ENTRIES SUPPLIED: Begin

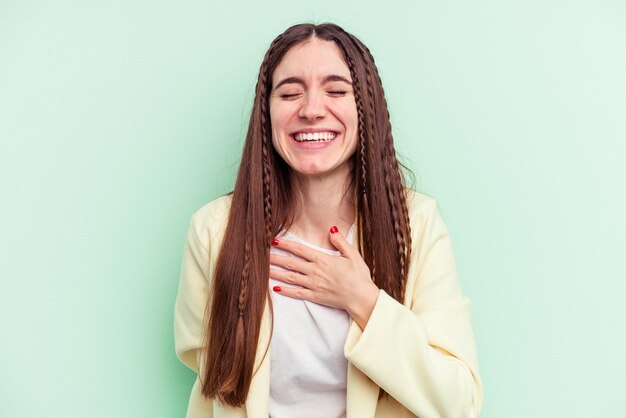 Jeune femme de race blanche isolée sur fond vert éclate de rire en gardant la main sur la poitrine.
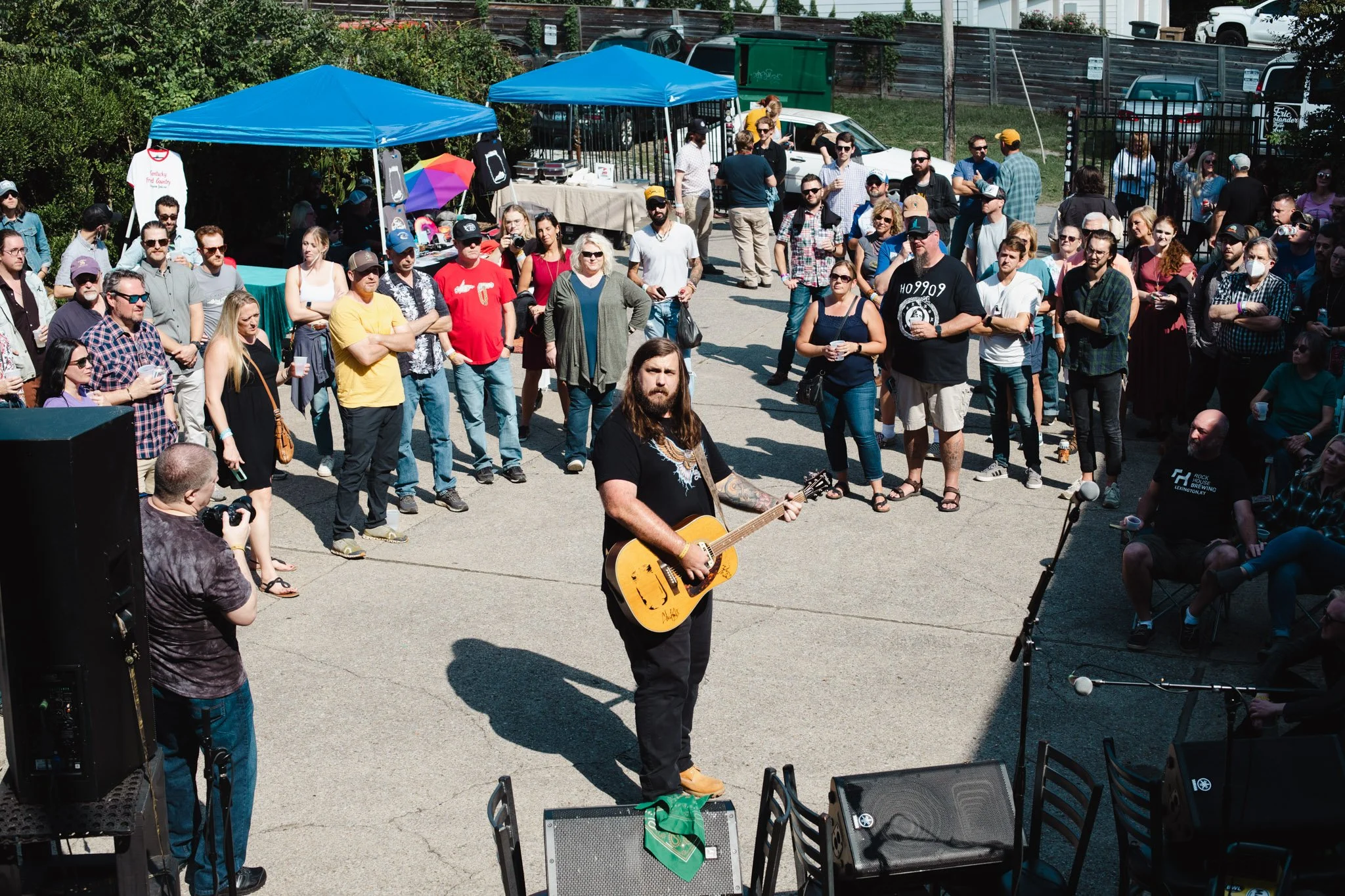 A man with long hair and a beard playing an acoustic guitar in front of a crowd at an outdoor event. The audience is standing and sitting, some wearing sunglasses, with tents and vendor booths in the background.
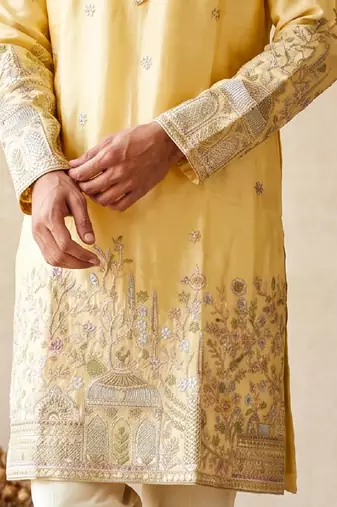 Light yellow colour silk kurta with cream cotton pajama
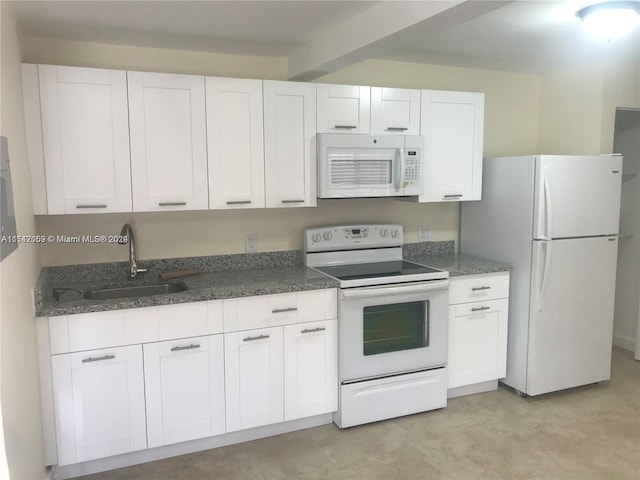 kitchen with white cabinets, dark stone counters, white appliances, and sink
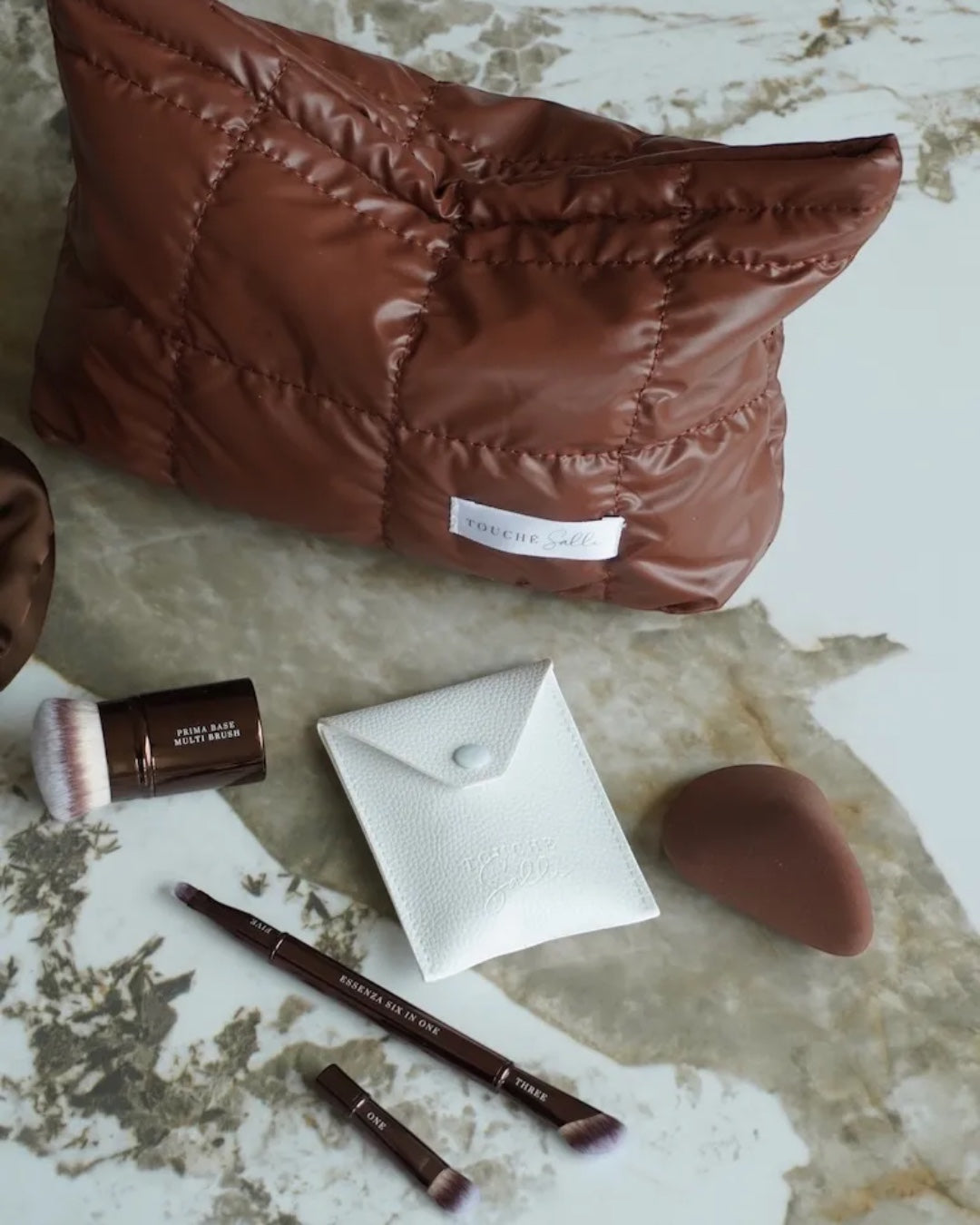 Touché Salli Ellipsa Soft Makeup Sponge i brun, ergonomisk formet til præcis påføring af makeup.
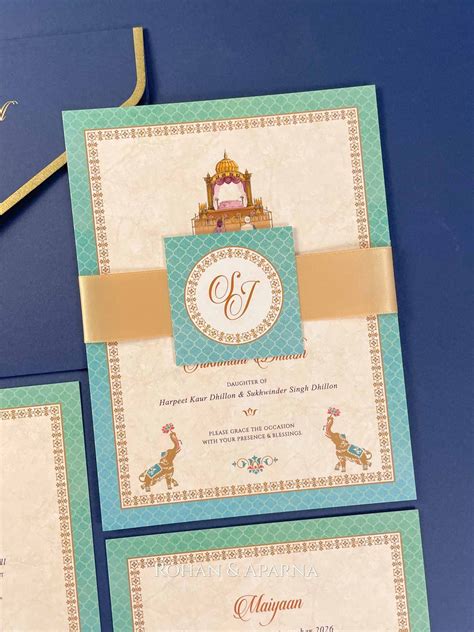 Royal Swagat Teal Sikh Wedding Card By Rohan Aparna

ENTRIES SUPPLIED: End

Write out exactly the lines from the line that contains "Touché Salli Ellipsa" to the last line of the material above, both included; pictures do not belong in the copy.

 Touché Salli Ellipsa Soft Makeup Sponge i brun, ergonomisk formet til præcis påføring af makeup.
 Royal Swagat Teal Sikh Wedding Card By Rohan Aparna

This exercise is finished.